During the PDA AC Radio Seminar this past fall, you suggested that there was a way to ‘calibrate’ your online callout research so it would be as reliable, or almost as reliable, as true phone-based call out. Could you go back through that process, not only looking at ‘how to,’ but also pointing out the pit-falls that may be easy to fall in? If we’re going to use Internet-based research, we want it to be as accurate as possible, so with that in mind please set the standard high. – Anonymous
Anon: This is not going to be a short answer, so get a six-pack of your favorite beverage.
Before I address your questions, I’d like to briefly discuss two things: (1) the Methods of Knowing; and (2) research in general. These topics are important as background information for your answers.
Methods of Knowing
In our book, Mass Media Research: An Introduction, Joe Dominick and I discuss C. S. Peirce’s summary of the four ways we learn things: tenacity, intuition, authority, and science. These relate to every area of our lives, not just radio research.

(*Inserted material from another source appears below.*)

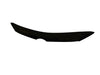 Auto Ventshade (AVS) 320010 Aeroskin Smoke Hood Protector; Low Profile; Grille Fascia Mount; - Truck Part Superstore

A user of the Method of Tenacity follows the logic that something is true because it has always been true. An example is the storeowner who says, “I don’t advertise because my parents did not believe in advertising.” The idea is that nothing changes—what was good, bad, or successful before will continue to be so in the future.
In the Method of Intuition, or the a priori approach, a person assumes that something is true because it is “self-evident” or “stands to reason.” (“It seems like.”) Some people oppose research because they think they know the answers and research is a “waste of time.”
The Method of Authority promotes a belief in something because a trusted source, such as a parent, a teacher, a boss, or programming consultant, says it is true. The emphasis is on the source, not on the methods the source may have used to gain the information.
The Scientific Method is unique among the methods of learning and it includes some unique characteristics. The method is public, objective, empirical (testable), systematic, cumulative, self-correcting, and predictive.
So what? Well, the “so what” is that it’s important for decision-makers to know the source of the information they are presented. Is the information merely an opinion? Is the information an urban legend? What is the source of the information? These questions lead to the second introductory discussion—research in general.
Research in General
I have been involved in research for about 30 years and have learned many things about what the “average” person thinks about research. Some of the things include, but are not limited to:
Most people think that research is a simple process that can be performed by anyone, including people with absolutely no research background.
Most radio people do not have any formal research training, yet many of these people make claims about research and research methodology. Unfortunately, in many situations, other unsuspecting individuals accept these unfounded statements as true. For example, and I don’t know where it started, there is a belief that for a research project to be valid and reliable, virgin respondents (people who have never participated in a research study—“professional respondents”) must be used. This is pure trash.
Numerous research urban legends, myths, and fallacies are passed from one person to another—usually from a PD, former PD, or programming consultant, who has no research training. Much of my time in research is spent correcting the research “facts” passed along by non-researchers.
Much of what most people know about research falls into the category of learning I call, “It seems like” (Method of Intuition). That is, consultants, PDs, and others who have no research training believe and pass along information that is based on hearsay. For example, you may hear someone say that music tests need a sample of 150 respondents. Why? Because “it seems like” a smaller sample would not be good. What happens with this type of comment? Many people pass along the “fact” that music tests must include 150 respondents, and many people believe it’s true.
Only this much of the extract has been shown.